The subtitle for Spell Songs’ latest studio album – Spell Songs II – is Let The Light In. Sometimes people don’t really read into album titles but this album is definitive proof that they should; they almost always tell you what kind of album you’re going to be experiencing.
Let The Light In is just like the title suggests – an extremely uplifting, calming, riveting, and oftentimes moving collection of songs featuring truly talented artists, culminating in one of the best indie-folk albums of the entire year.
The one job that every album opener has is to make sure that it conveys to the listener what kind of album they’re going to hear for the next hour or so. Sometimes a poor opener can sour your taste on an entire album – gratefully, that’s not the case here. Bramble serves as a hopeful opener, symbolizing that it’s time to Let the Light In and be prepared to be inspired with the rest of the songs to come.
Karine Polwart’s vocals effortlessly flow through the track. She never once belts any vocal, instead choosing to lay low a little bit. She simply meditates the lyrics and it results in a deeply moving and interesting opener which is just what this album needed.
This track then beautifully transitions over to the stripped-down guitar featured on St Kilda Wren sung by Julie Fowlis whose vocals are genuinely haunting yet peaceful at the same time. Crafting a song this methodical yet folksy is such a difficult task and yet Fowler rose to the occasion and made it look like a cakewalk.
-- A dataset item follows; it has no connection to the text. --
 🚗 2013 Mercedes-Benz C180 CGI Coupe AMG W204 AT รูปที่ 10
But easily the strongest on the album is the next song – Oak, with lead vocals provided by Kris Drever, who shines brightly on this track. His vocals are a perfect mixture of country and folk, culminating in a truly memorable and catchy tune, and one that will most definitely be added to my daily rotation playlist. Simple instrumentals blended with the carefree vocals by Drever is a recipe for greatness.
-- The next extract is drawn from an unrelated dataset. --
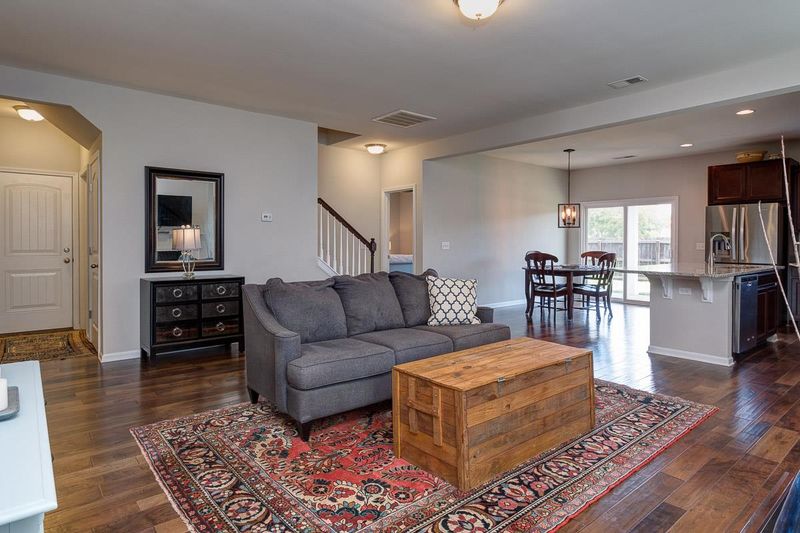 428 Edna May Dr, Murfreesboro, TN 37128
Some tracks are so truly show-stopping that others simply don’t stand out as much in contrast , such as Rachel Newton’s Swifts. While still a marvellous tune, it definitely feels as though it lacks some of the flair and style that the previous tracks so effortlessly displayed. The same sentiment can be echoed with Beth Porter’s Daisy. A great track to be sure, but there are some missing ingredients.
Gratefully though, things start to pick up once again as soon as Swallow begins. It’s definitely one of the most menacing tracks on the album, featuring some gorgeous vocals by Jim Molyneux.
Spell Songs II: Let The Light In is a terrific exercise in indie folk music and one that is sure to take you on a rollercoaster ride of emotions throughout its fifteen tracks. Not all of them are equally great, but you’d be hard-pressed to find better, more fine-tuned indie album this year.